Growing Up On Tuggles Creek - Big Will

By YKW © 1985

Issue: July, 1985

Big Will Cockram on left. Tom Harris on right.Big Will Cockram on left. Tom Harris on right.(Editor's Note: Tuggles Creek is located in the Heart of the Blue Ridge Mountains, near the tiny mountain community of Meadows of Dan, Virginia. Meadows of Dan is a crossroads community where US Highway 58 Business and the Blue Ridge Parkway cross. Mabry Mill is north about 1.6 miles and Mayberry Trading Post is about 2.8 miles south on the Blue Ridge Parkway.)

Since Dad was gone most of the time on the mail route, we had to have a lot of hired hands to help with the work. We needed a lot of corn and hay for the four or five horses we always kept and Dad thought we should grow it on the farm rather than buy it. One of the most faithful of these hands was Big Will Cockram, a short, stout man who had some experience at most farm work. Sometimes he brought along his two sons, Henry and Caleb.

In the winter time Big Will and I cut down big oak trees from our wood lot and trimmed them up ready to be dragged to the wood pile when snow was on the ground. Come summer it was corn hoeing time and pretty soon haying time. We had a mowing machine but a lot of the grain had to be cut with a scythe or mowing blade as we called it.
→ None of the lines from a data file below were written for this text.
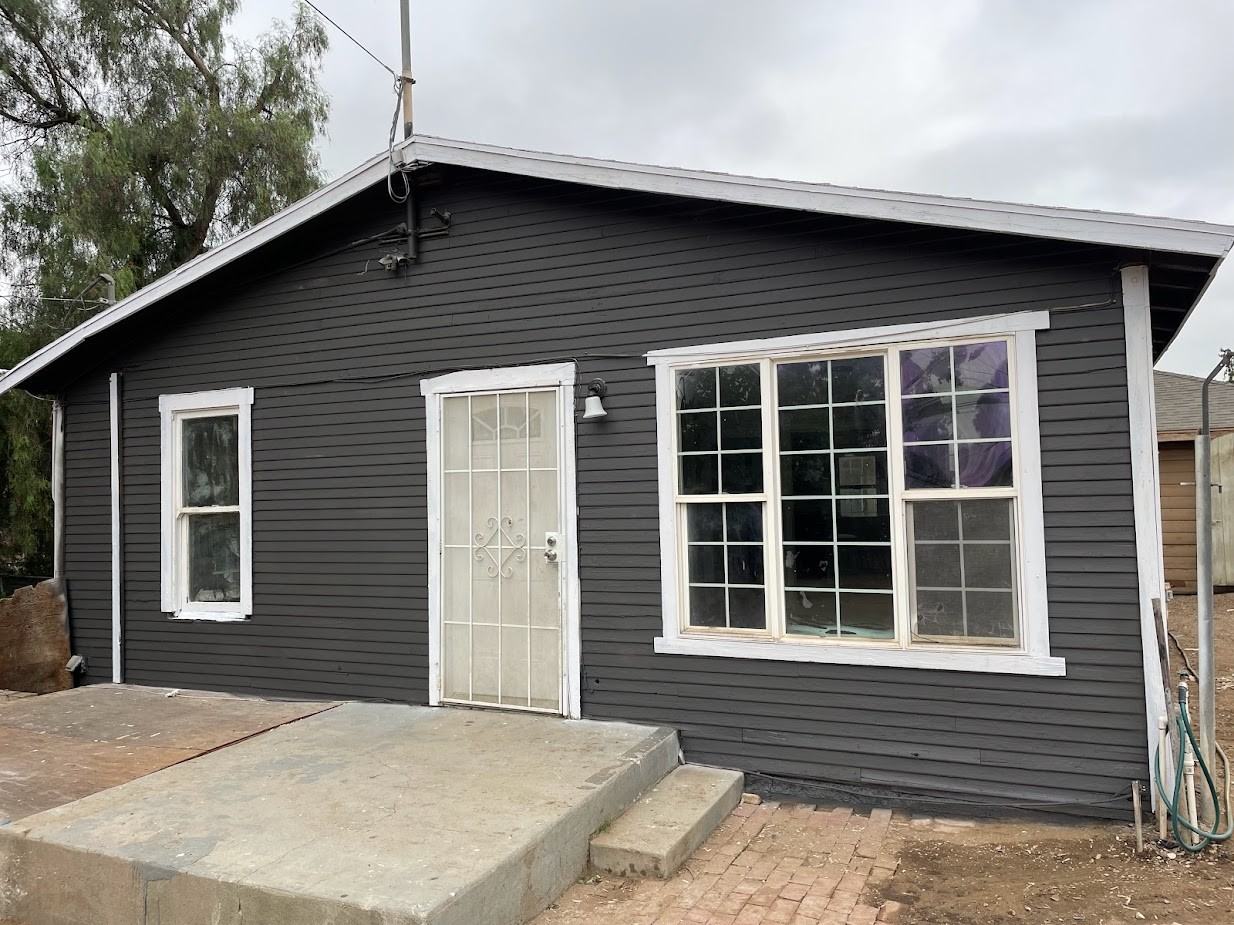 11125 Holmes Ave Frnt #1 - Photo 2 of 6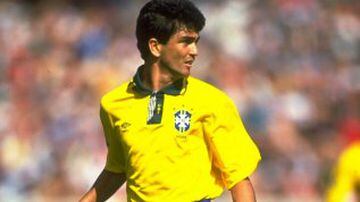 Más conocido como Bebeto, fue campeón mundial en 1994 con Brasil y destacó con el 'Super Depor' en la misma década. En el Azteca jugó en el Mundial Sub 20 de 1983, torneo que su selección ganó.
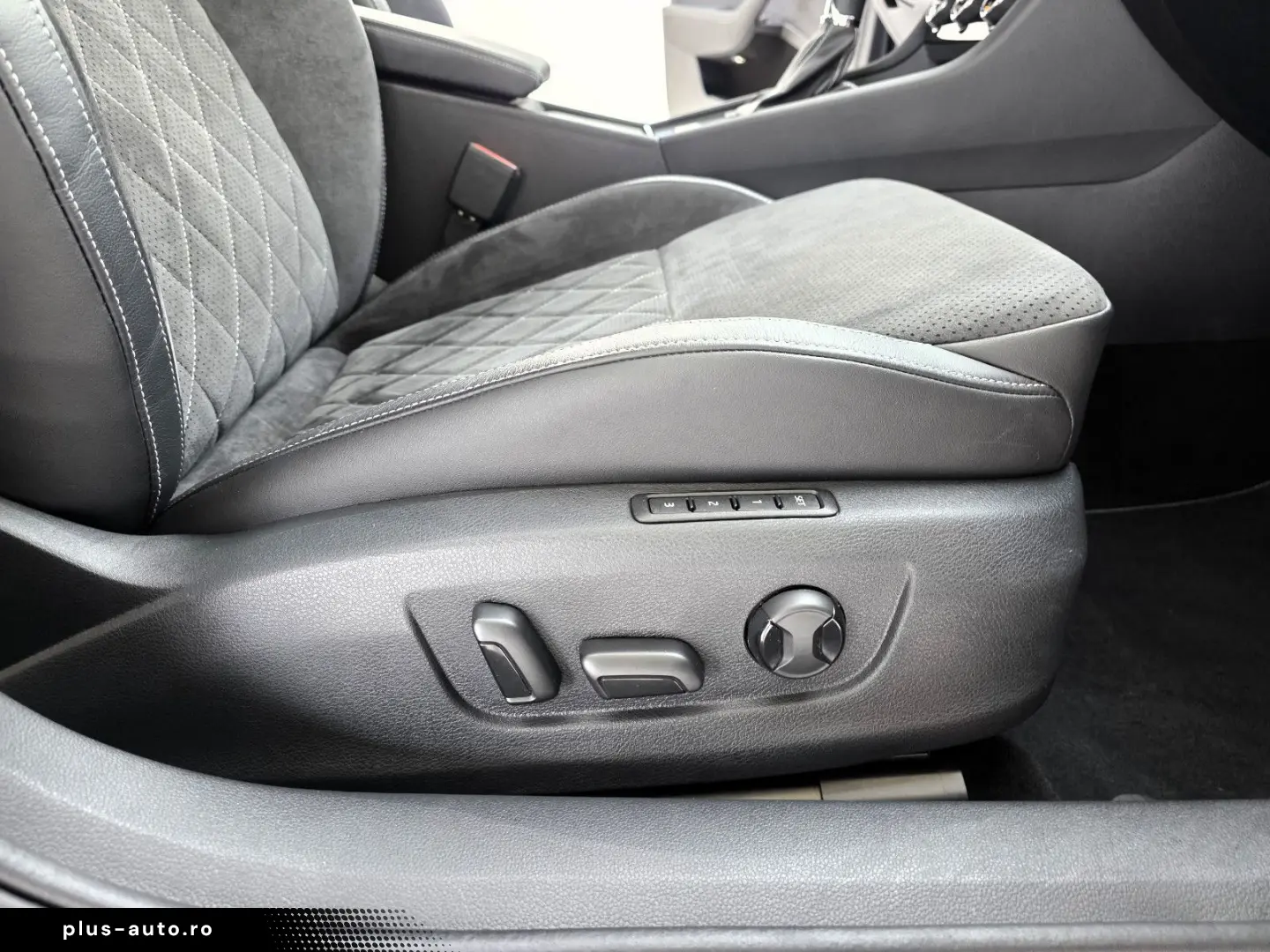 SKODA Superb Limo Sportline App-Connect Matrix-LED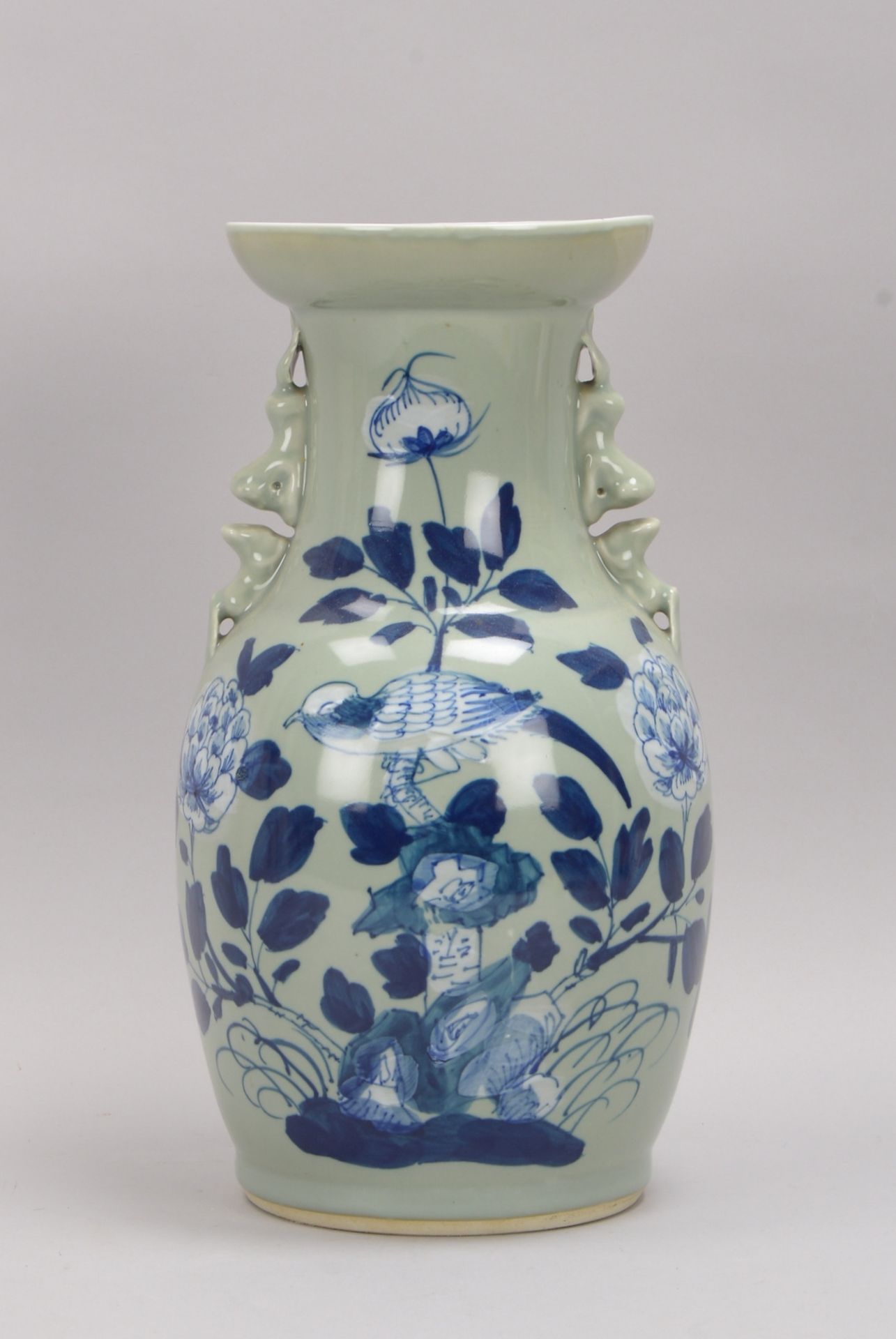 Vase (China), seladonfarben, blau/weiß staff. ('Blüten-/Vogelmotive'), figürl. Handhaben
At lunch time the blades had to be sharpened on a hand turned grind stone. So while all the other hired hands lolled around in the shade and rested, Big Will ground the blades sharp, while I was elected to turn the grindstone. Sometimes it seemed to take an eternity to get the blades sharp enough to suit Big Will's keen eye and touch.

Big Will never did learn to make it on his own small farm. After the boys left him he was reduced to selling off small tracts of his farm to support himself and his daughters, Kate and Lelia. Most of the land was sold to my Dad but when it come down to the house lot, someone else whom he'd borrowed money from, bought it, and he and Kate were forced to get out and go to an abandoned cabin on the old Cockram place.

With no more resources, and getting too old to hire out, it was reported that Big Will and Kate were about to starve to death. My Dad killed a small hog, dressed it and cut it in half and threw, one half over his shoulder and carried it across the hills to Big Will. I guess that kept them alive a short time longer, but the poor old man soon passed away.